A continuación les comparto un texto de Paulo Freire del 12
de noviembre de 1981, titulado: “La importancia del acto de leer”, se trata de
un trabajo presentado en la apertura del Congreso Brasileño de Lectura,
realizado en Campinas, Sao Paulo, en la fecha citada. Dicho texto lo pueden
encontrar en el libro “La importancia de leer y el proceso de liberación”, del
pedagogo brasileño.
LA IMPORTANCIA DEL ACTO DE LEER.
(Paulo Freire).
Rara ha sido la vez, a lo largo de tantos años de práctica
pedagógica, y por lo tanto política, en que me he permitido la tarea de abrir,
de inaugurar o de clausurar encuentros o congresos.
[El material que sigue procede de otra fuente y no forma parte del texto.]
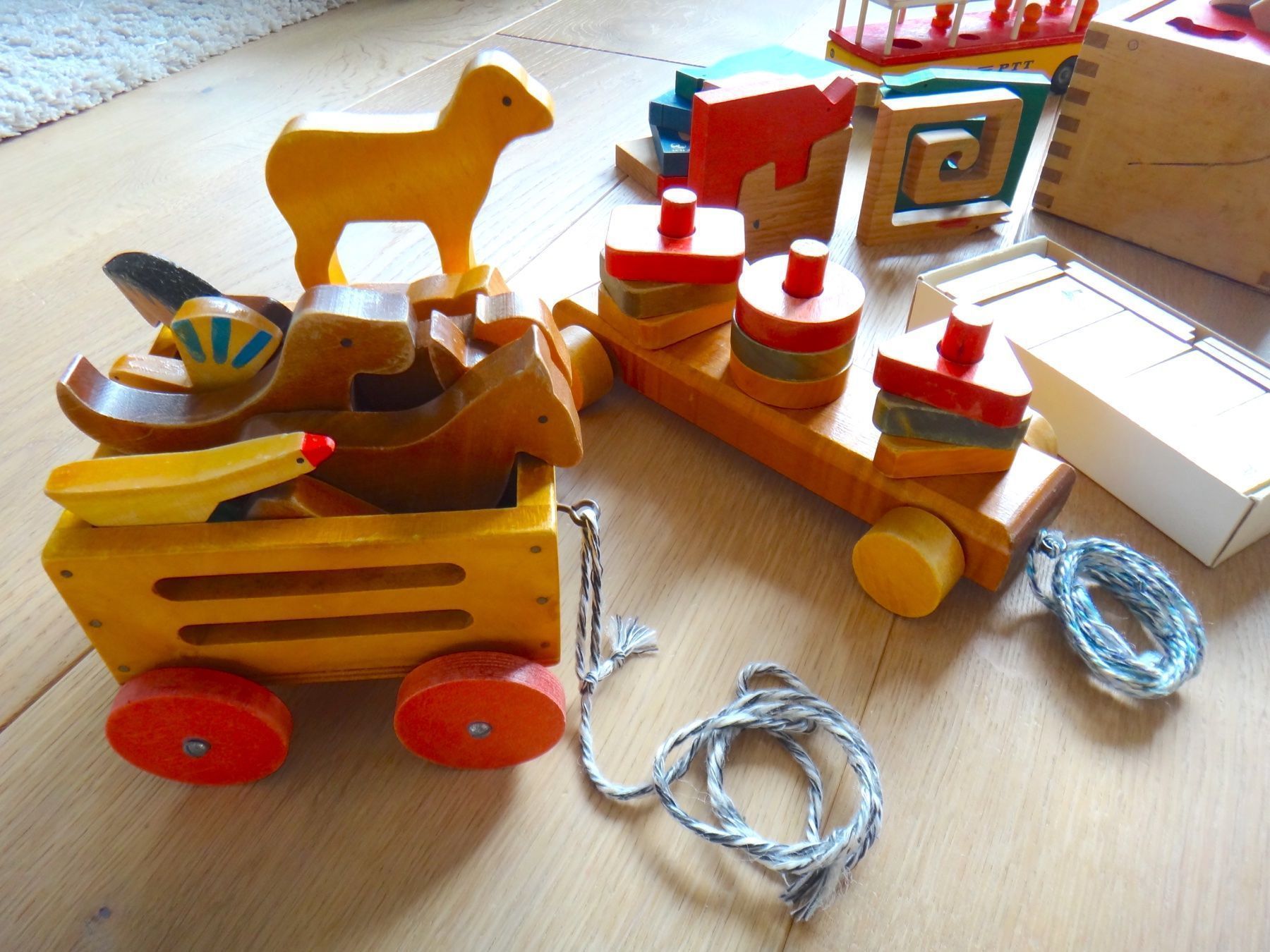 Spielzeuge: Diverse Holzspielzeuge – Gebraucht aus Seuzach von Schwede83 3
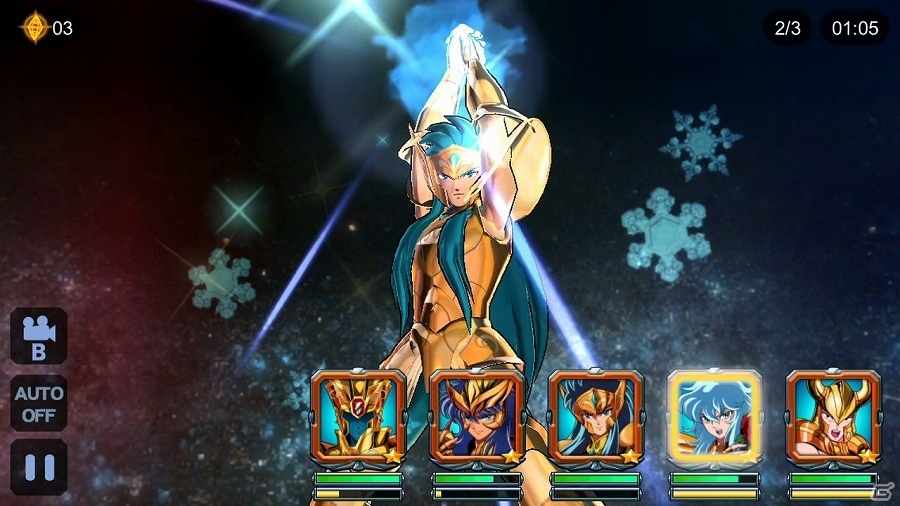 OS/Android「聖闘士星矢 ゾディアック ブレイブ」ゲーム内映像やバトルシステムなどを紹介したPVが公開！の画像16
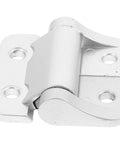 Torque Cabinet Door Hinge Small Zinc Alloy 1.8 Nm Adjustable Stop Angle For Kitchen And Bathroom Doors Heavy Duty Quiet Close For DIY Projects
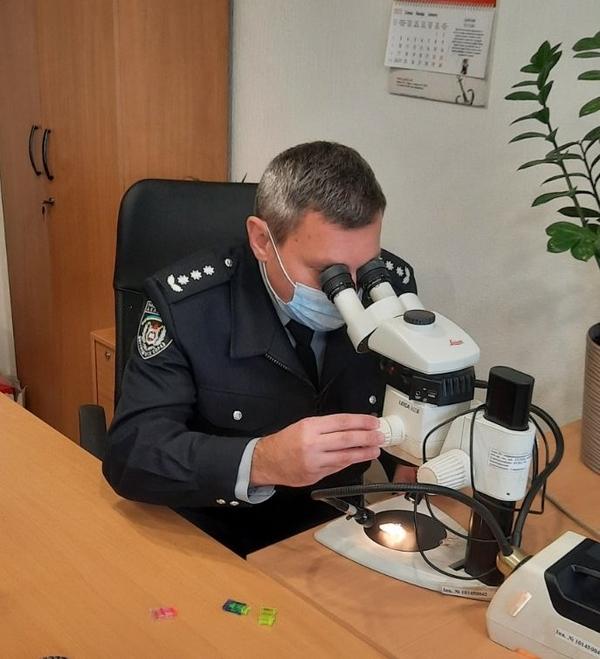 Фахівці академії відвідали центральний офіс Експертної служби МВС України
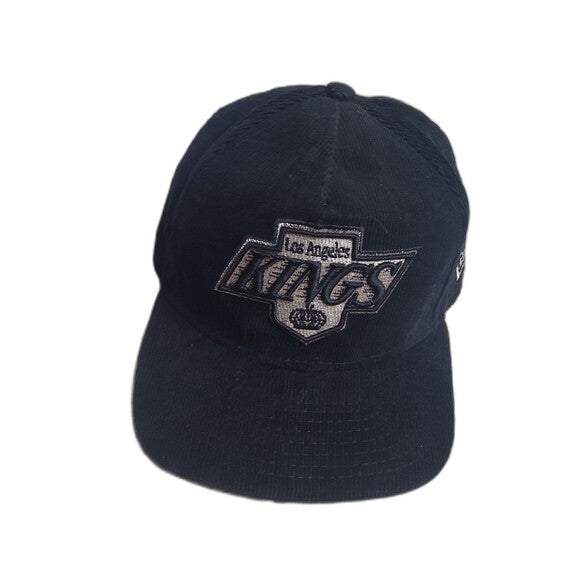 Vintage New Era LA Kings Corduroy snapback hats 9fifty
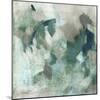 Garden in Abstract-Carol Robinson-Mounted Art Print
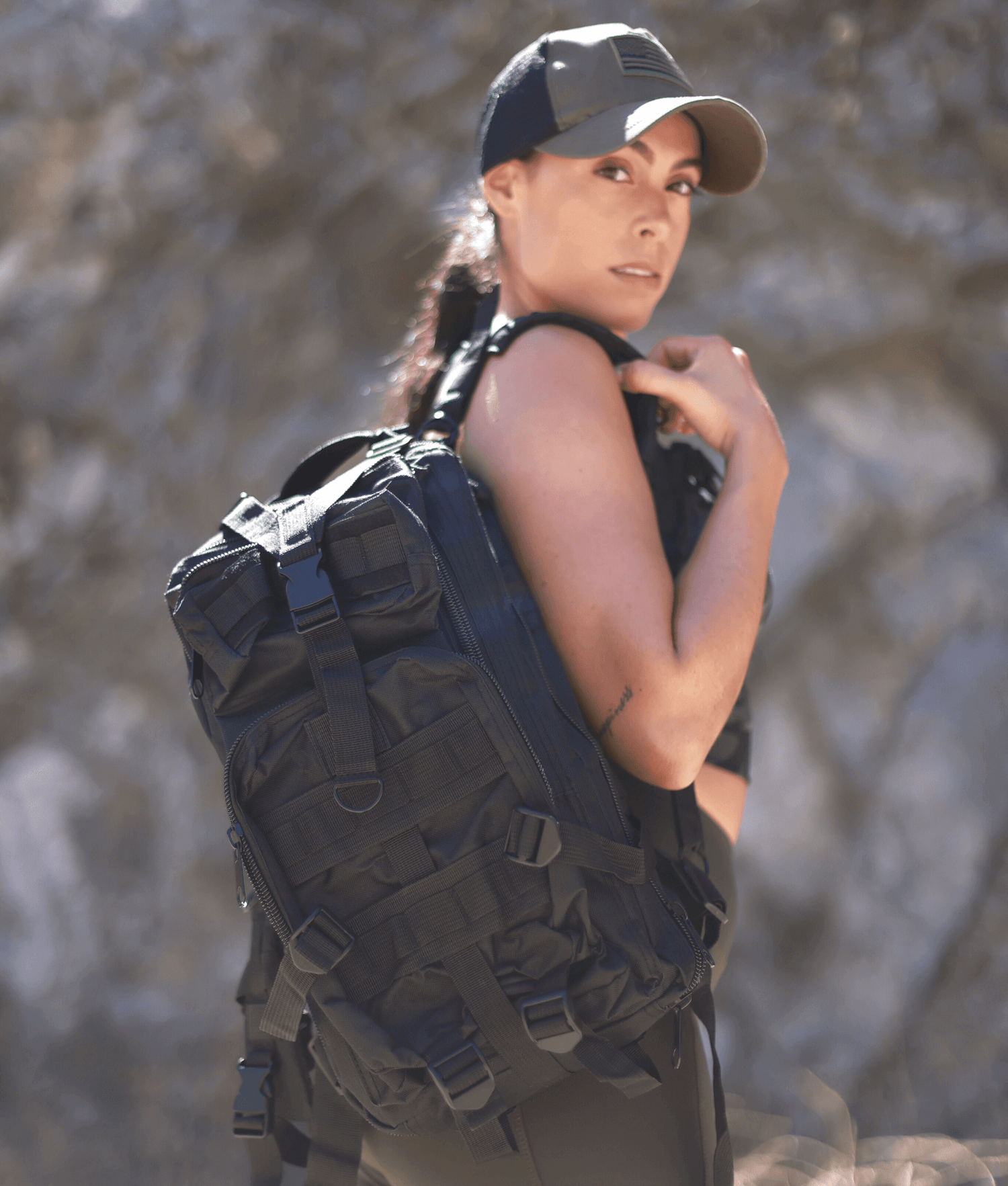 JupiterGear 25L Unisex Backpack Molle Bag Rucksack Range Bag Jupiter Gear Home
Acepté hacerlo ahora, pero de la manera menos formal
posible. Acepté venir aquí para hablar un poco de la importancia del acto de
leer.
Me parece indispensable, al tratar de hablar de esa
importancia, decir algo del momento mismo en que me preparaba para estar aquí
hoy; decir algo del proceso en que me inserté mientras iba escribiendo este
texto que ahora leo, proceso que implicaba una comprensión crítica del acto de
leer, que no se agota en la descodificación pura de la palabra escrita o del
lenguaje escrito, sino que se anticipa y se prolonga en la inteligencia del
mundo. La lectura del mundo precede a la lectura de la palabra, de ahí que la
posterior lectura de ésta no pueda prescindir de la continuidad de la lectura
de aquél. Lenguaje y realidad se vinculan dinámicamente. La comprensión del
texto a ser alcanzada por su lectura crítica implica la percepción de
relaciones entre el texto y el contexto. Al intentar escribir sobre la
importancia del acto de leer, me sentí llevado –y hasta con gusto– a “releer”
momentos de mi práctica, guardados en la memoria, desde las experiencias más
remotas de mi infancia, de mi adolescencia, de mi juventud, en que la importancia
del acto de leer se vino constituyendo en mí.
Al ir escribiendo este texto, iba yo “tomando distancia” de
los diferentes momentos en que el acto de leer se fue dando en mi experiencia
existencial. Primero, la “lectura” del mundo, del pequeño mundo en que me
movía; después la lectura de la palabra que no siempre, a lo largo de mi
escolarización, fue la lectura de la “palabra-mundo”.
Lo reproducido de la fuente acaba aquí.